Gostaria de deixar claro também que não estou justificando nem aprovando muito menos minimizando a gravidade das ações criminosas! Elas devem ser coibidas e punidas, o que se discute aqui é a forma com a segurnça pública é utilizada para diversos interesses e quase sempre os interesses das classes média e alta.

Quando estamos encurralados e com nossas vidas ameaçadas não pensamos sobre os fatos, não raciocinamos. Nesses momentos somos tomados por um impulso de sobrevivência que fala mais alto que qualquer coisa. Nos momentos de desespero nos esquecemos de quantas operações policiais já foram executados com auxílio das Forças Armadas, quantos inocentes morrem nessas operações ou mesmo por que um jovem de 17 anos que poderia ser um parente meu e seu opta por ganhar em média R$ 2.400 por mês arriscando sua vida em confrontos com a polícia e com grupos criminosos rivais.

Nos momentos de pânico nos esquecemos que a maioria das pessoas que optam por essa vida de crime o faz por não ter perspectiva de um salário digno, pois muitos não se conformam e ganhar um salário mínimo. Não estou justificando a escolha do caminho do crime, mas devemos refletir que país é o nosso no qual pedir esmola na rua pode garantir uma valor até três vezes maior que um salário mínimo.

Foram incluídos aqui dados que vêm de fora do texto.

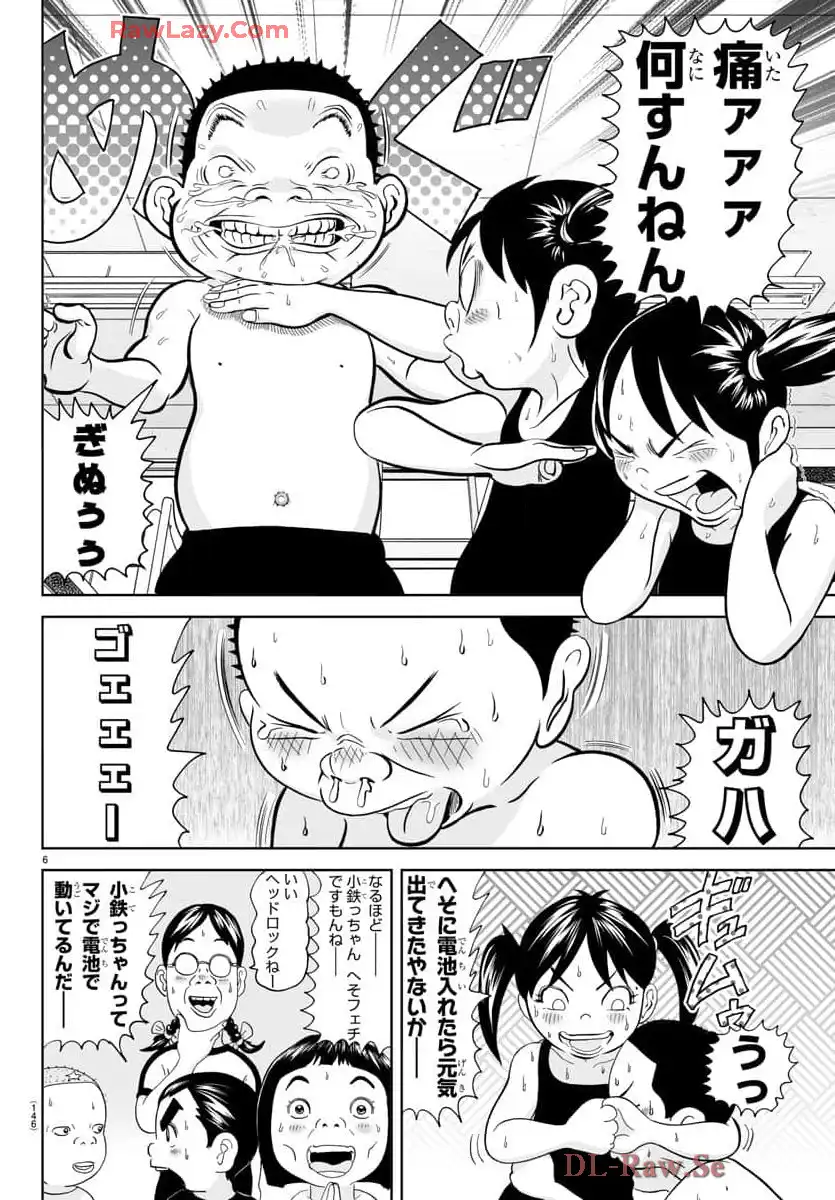 あっぱれ！浦安鉄筋家族 - raw - 第310話 - https://jppp.jjkk.to/jppp/05021350/hrbmq2p1pp0.webp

Nos momentos de pânico nos esquecemos que filho de rico não troca tiro com a polícia e que traficantes de droga sintética como êxtase e ácido não tem suas casas da Barra da Tijuca e Zona Sul arrombadas sem mandado de busca.

Nos momentos de medo, nos esquecemos que as operações ECO-92, Rio e Rio II tiveram resultados apenas imediatos e que a criminalidade continuou a atingir a população carioca logo depois.

Por nos esquecermos de tudo isso não questionamos porque nas favelas a polícia não usa mandado de busca o então usa mandado coletivo ou porque essas medidas são tomadas apenas nos bairros dos trabalhadores pobres.

Devemos nos lembrar que nos aproximamos dos mega-eventos esportivos da Copa do Mundo e das Olimpíadas. “Coincidentemente” passamos por um período de expansão das UPPs, só que agora, menos de três meses após as operações da Zona Norte do Rio, pouco aparece nos grandes veículos de informação como tem sido executadas as constantes incursões da polícia em favelas cariocas que seguem hoje. Não precisamos de Capitães Nascimento falando para botar na conta do Papa. Não precisamos e não devemos aceitar.